Capture d'écran de "La vie là", série documentaire de Laurent Malone
tournée dans le bidonville de la Folie, Grigny, juin 2014


Plus que jamais, le PEROU poursuit donc son travail d'outillage des familles afin qu'elles puissent défendre devant les autorités compétentes, européennes y compris, les projets d'établissement temporaires auxquels elles aspirent, hors le bidonville, mais dans la ville, à Grigny certes, mais alentour nécessairement aussi. Pour ce faire, nous accompagnons ces jours-ci le projet des familles du bidonville de la Folie de se constituer en association loi 1901, permettant qu'elles prennent enfin souverainement la parole et président à leur destin à distance des joutes locales qui en font les instruments de luttes qui ne leur appartiennent pas. Pour ce faire, nous demeurons aujourd'hui comme hier à disposition du Maire de Grigny afin de l'accompagner dans cette voie difficile, parce qu'extraordinaire par les temps qui courent, de la création de réponses vertueuses à la question que nous posent ces familles : comment, en ces temps d'hostilité généralisée, trouver dans nos villes l'hospitalité ?
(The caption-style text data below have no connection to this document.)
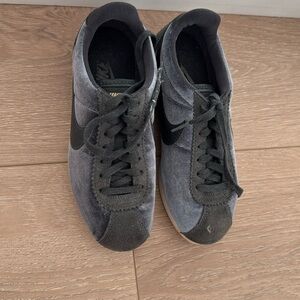 Grey velvet Nike Cortez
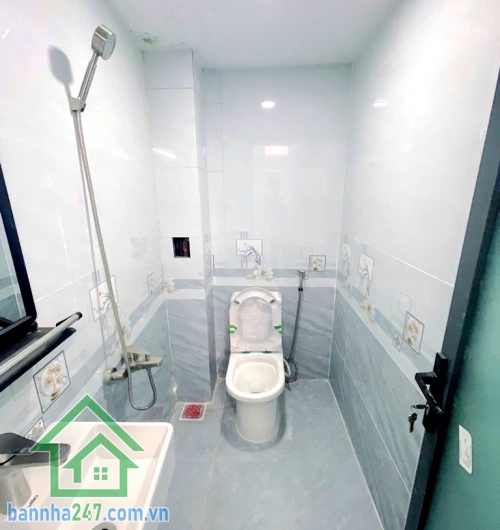 CHỈ 4,7 TỶ - NHÀ MỚI 2 TẦNG – LÊ VĂN QUỚI – SÁT NGÃ TƯ BỐN XÃ – CHỈ XÁCH VALI VÀO Ở  DT: 4.2 x 11m (45m²), 1 trệt 1 lầu Công năng: 3PN (có PN tầng trệt), 2 WC.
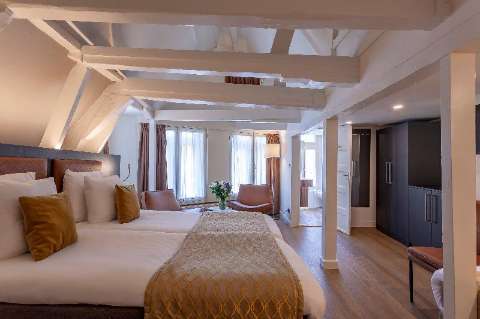 Accommodation - Avenue - Guest room - AMSTERDAM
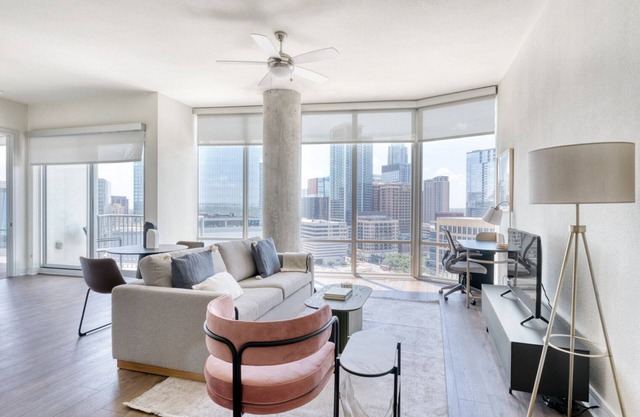 Spacious Downtown 1 BR w/Gym, W/D, Pool, walk to 6th St, by Blueground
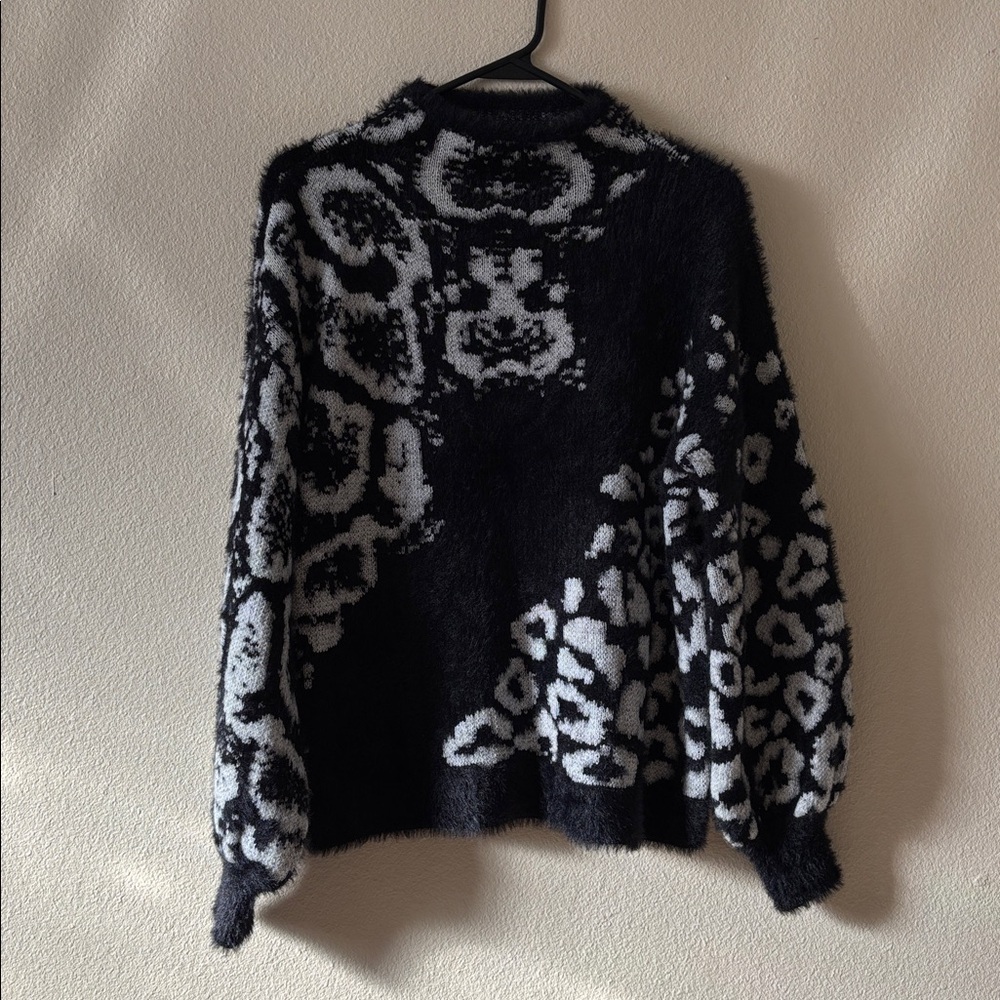 Vince Camuto Animal Print Eyelash Knit Sweater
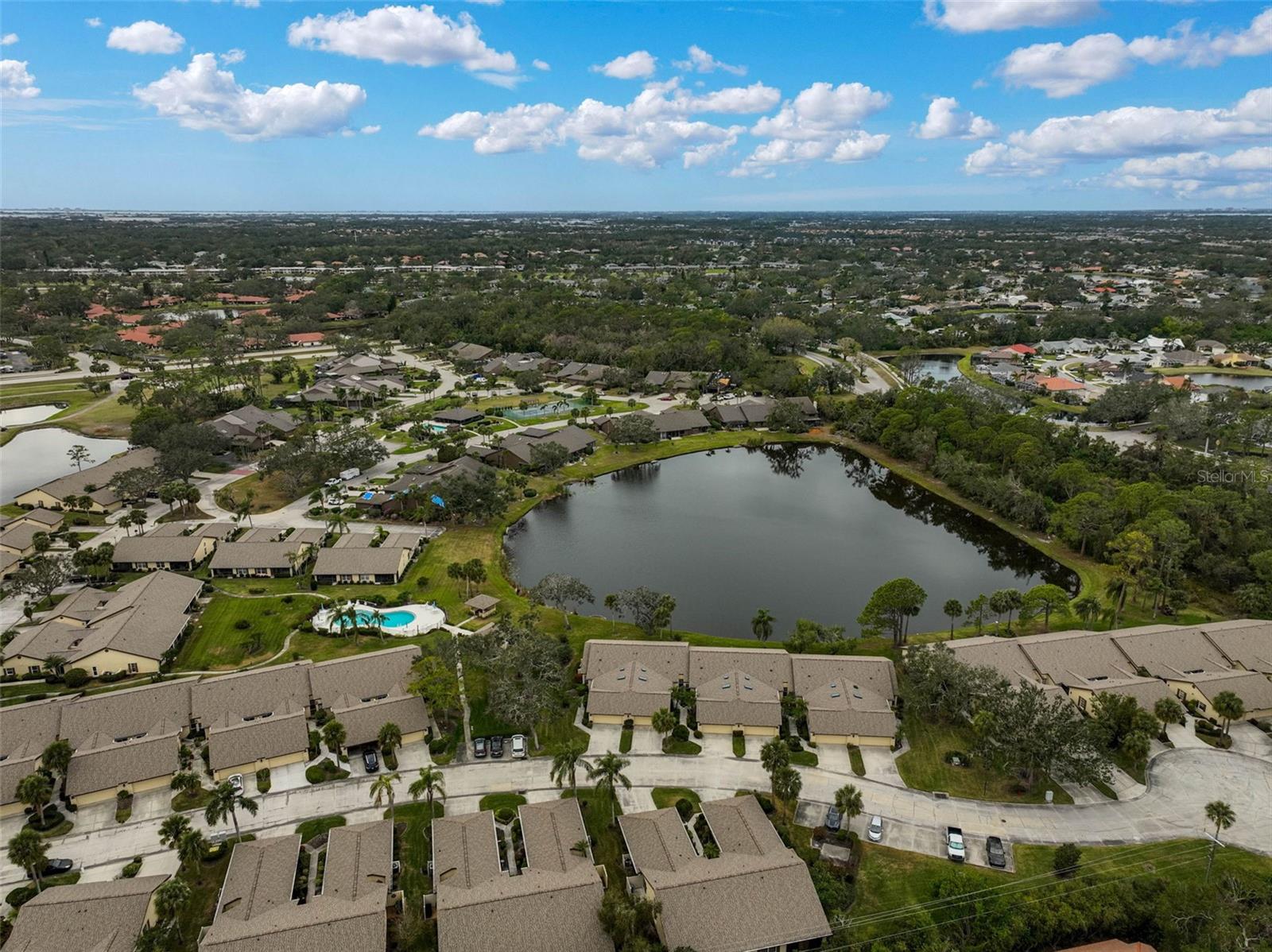 WOODLAKE VILLAS AT PALM-AIRE X - Residential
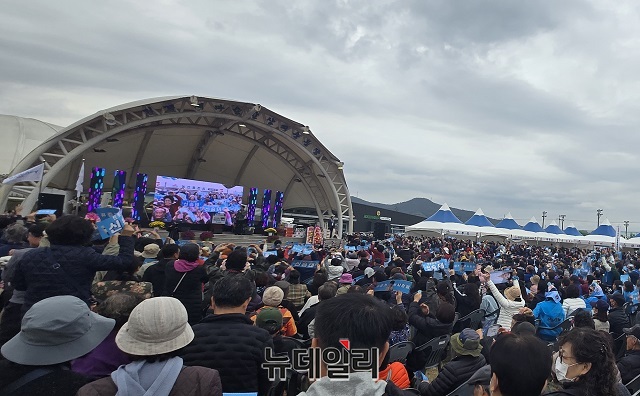 ▲ 포항시는 지난 8일 기계면 새마을운동발상지운동장에서 ‘제11회 기계 농·특산물 홍보판매축제’를 개최했다.ⓒ뉴데일리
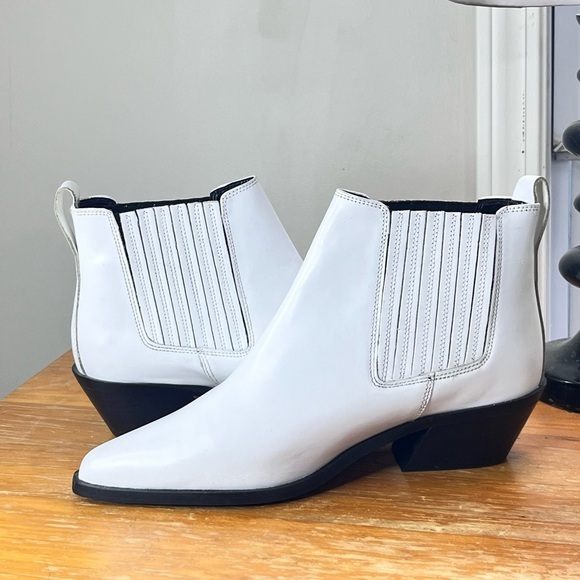 NWOB ASOS Women’s Leather Western Heel Chelsea Boot - Picture 9 of 15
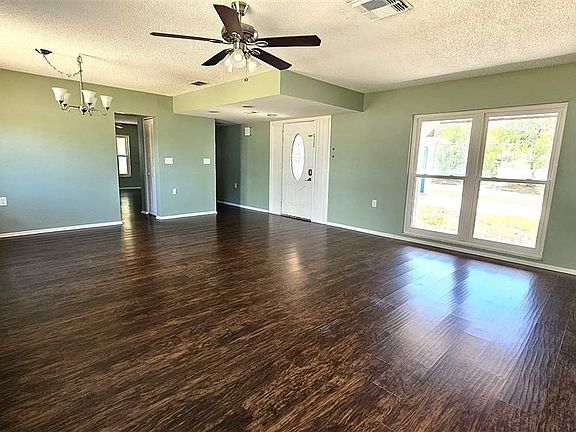 4th image of 1524 Newhope Rd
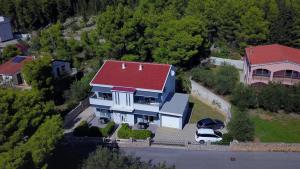 Sea & Stone Apartment No 2 in Starigrad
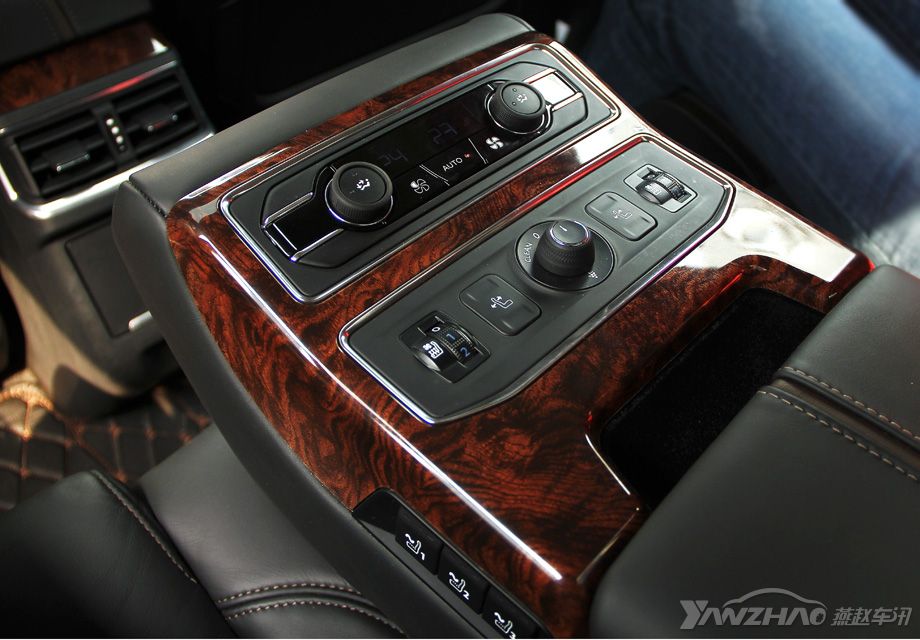 ����A9�ں������ĵ�Ϊ�����ߣ�����˿����Ƕȵ��ں��Զ��յ������μ��ȵĿ�����塣��������ں��ţ�����һ���ϰ�ĸо���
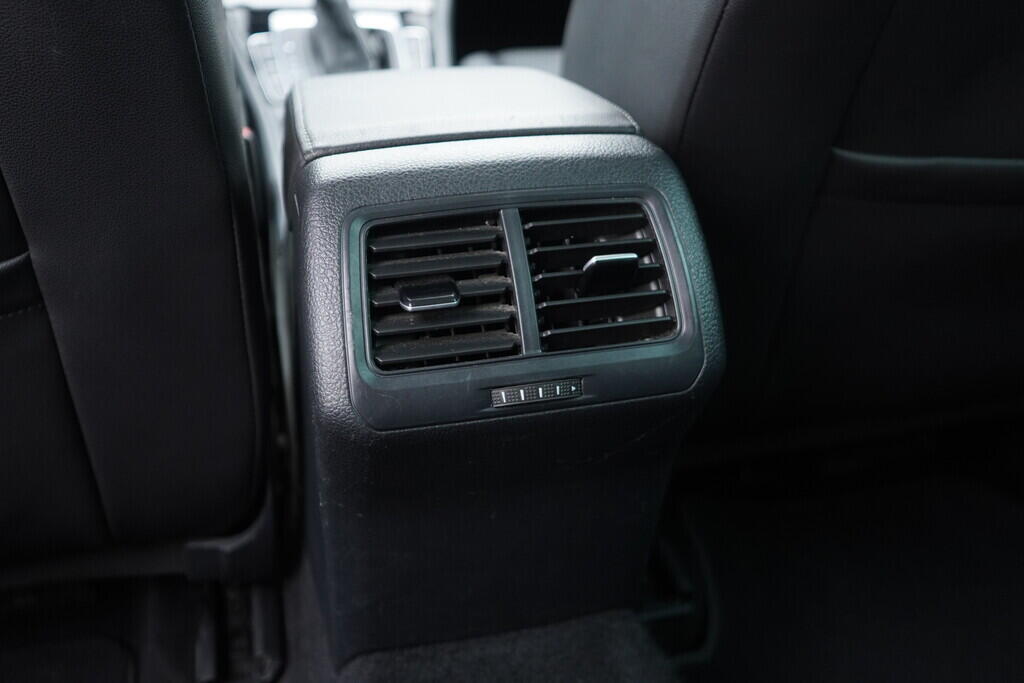 OV190V08625_38.webp_GOLF VARIANT Highline 1.4 TSI 92 kW automat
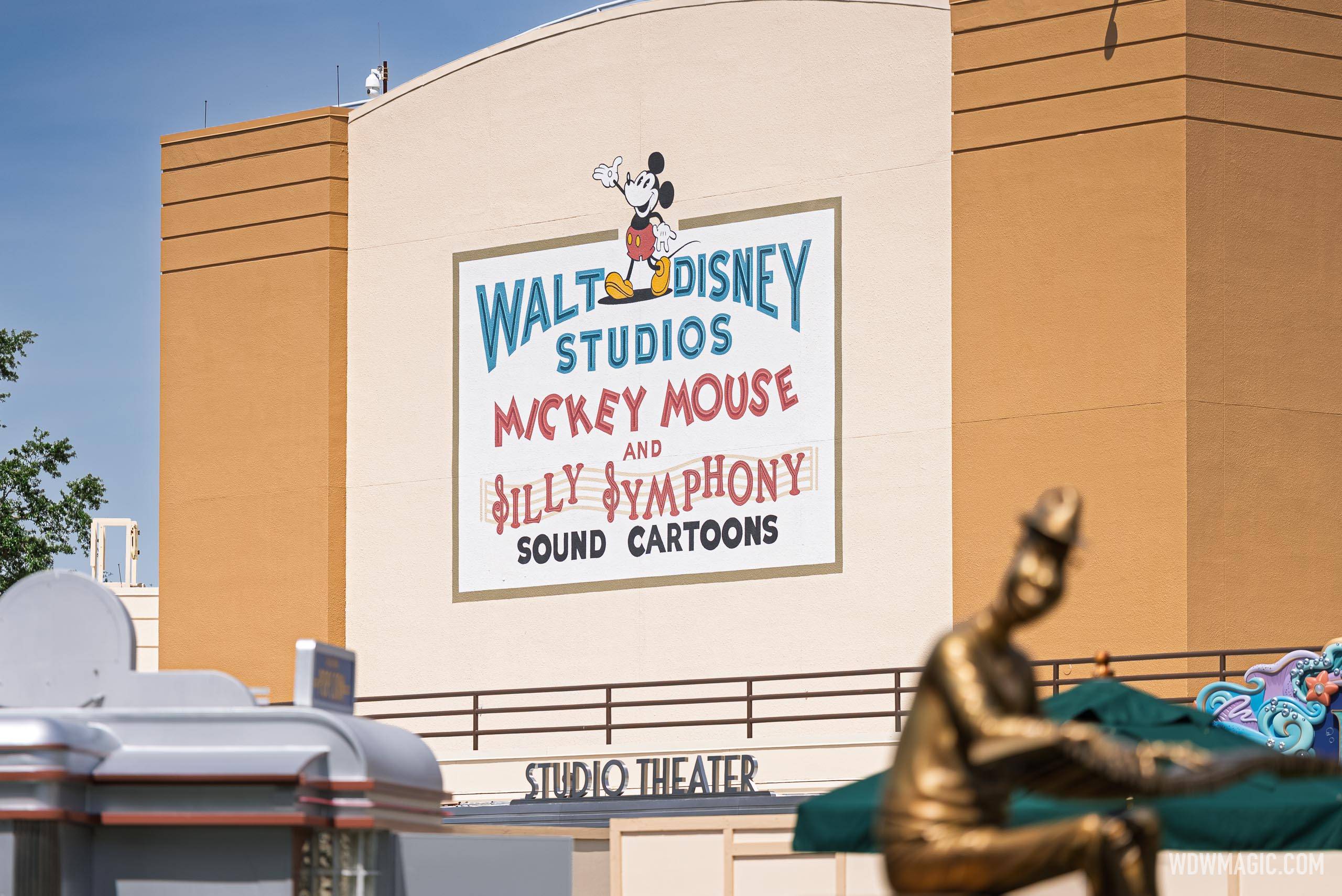 Walt Disney Studios Courtyard Nears Completion With New Signs and
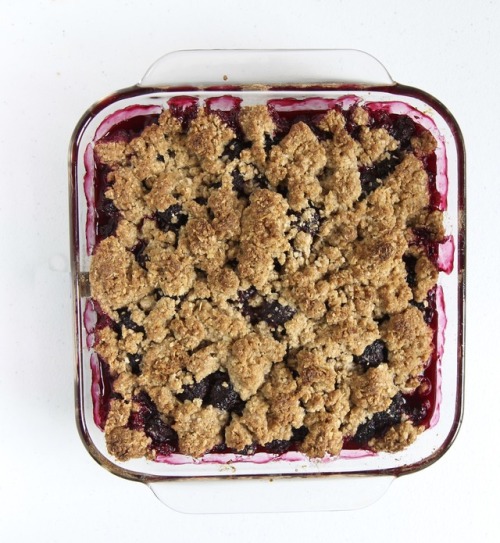foodffs:  Classic Blackberry CrispFollow for recipesGet your FoodFfs stuff here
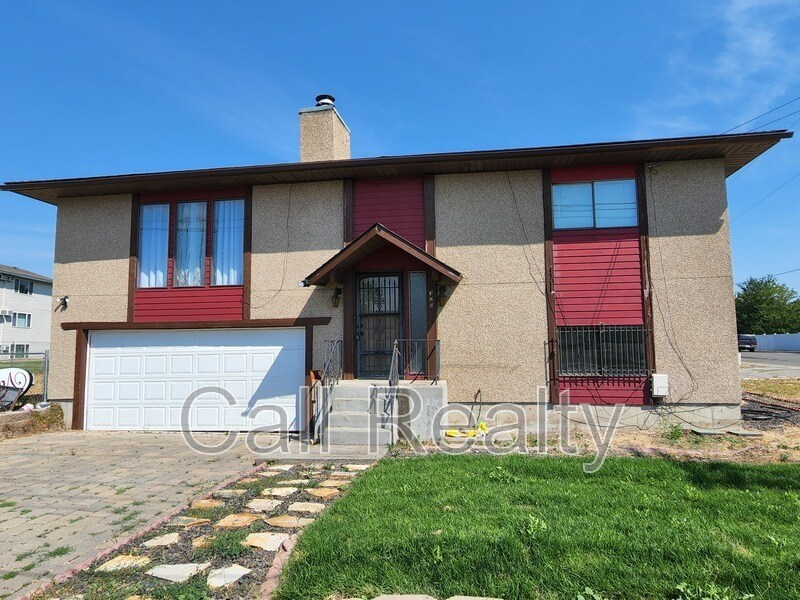 321 S Adams St in Spokane, WA - Building Photo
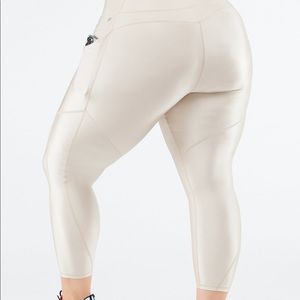 🚫SOLD🚫 Oasis High-Waisted Shine 7/8 Legging- Grey Mist Shine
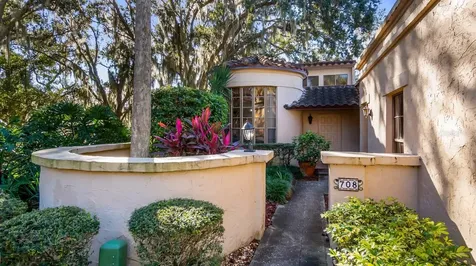 708 Santa Cruz Lane Howey In The Hills FL 34737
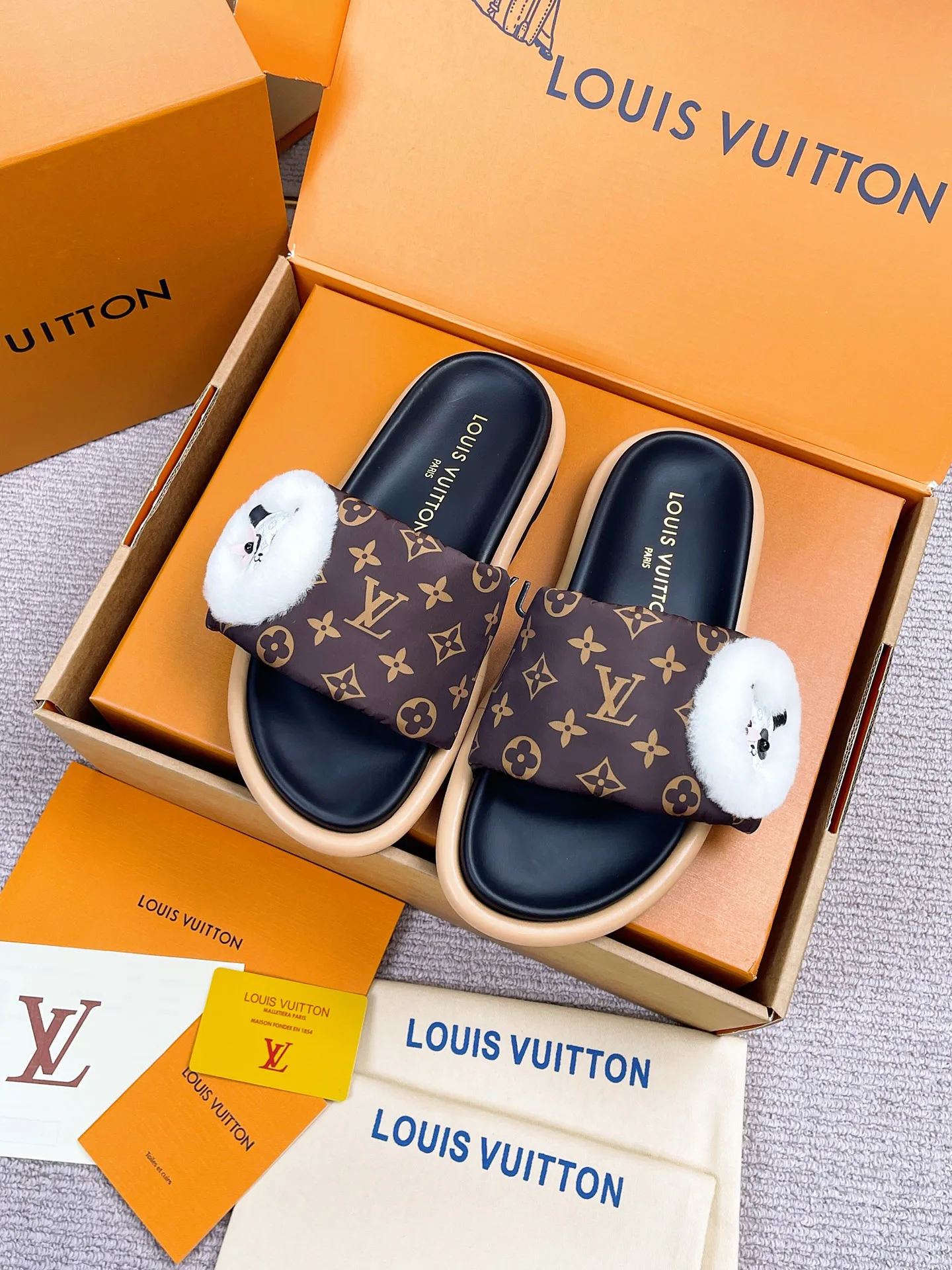 Women's Flip-Flops LOUIS VUITTON 18142868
Réunion devant la Résidence du PEROU dans le bidonville de la Folie,
14 juin 2014, Louise Dumas.


PS : Une bonne nouvelle n'arrivant jamais seule, il est important de noter que l'imagier trilingue réalisé par les enfants du bidonville durant la colonie de vacance que nous avions organisée l'été dernier sera effectivement publié : l'appel à dons a merveilleusement fonctionné, et les 90 donateurs ont permis de récolter l'argent qui permettra de le publier en 1 500 exemplaires et de l'offrir aux écoles du département où sont scolarisés des enfants du bidonville. Un outil à l'usage des enfants des bidonvilles afin de tisser des liens avec leurs camarades de classe, et de frayer le chemin à un avenir pacifié parmi nous.